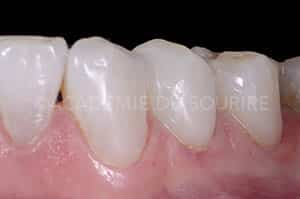 Préservation gingivale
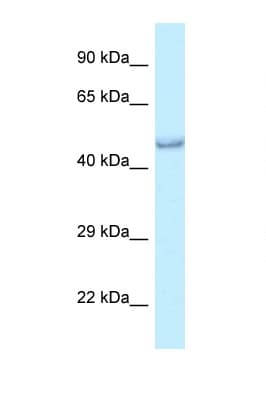 PRMT6 Antibody (C-Terminus)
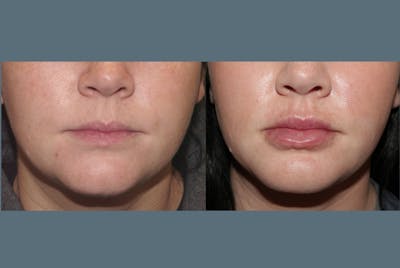 Fillers Gallery Before & After Gallery - Patient 337576 - Image 1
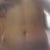 my right is thinner tahn left.is it normal?
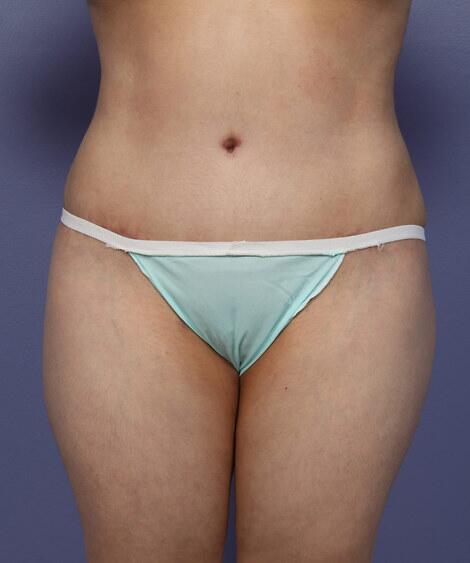 Liposuction Before & After Image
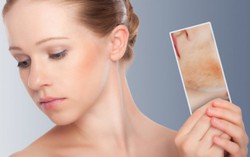 Xử trí các bệnh về da thường gặp trong mùa hè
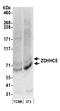 Zinc Finger DHHC-Type Containing 5 antibody, A304-652A, Bethyl Labs, Western Blot image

* [Task details]
The lines from the one containing "Liposuction Before & After Image" through the last line of the data above are to be transcribed exactly, both included, with all pictures left out.

* [Response for this exercise]
 Liposuction Before & After Image
 Xử trí các bệnh về da thường gặp trong mùa hè
 Zinc Finger DHHC-Type Containing 5 antibody, A304-652A, Bethyl Labs, Western Blot image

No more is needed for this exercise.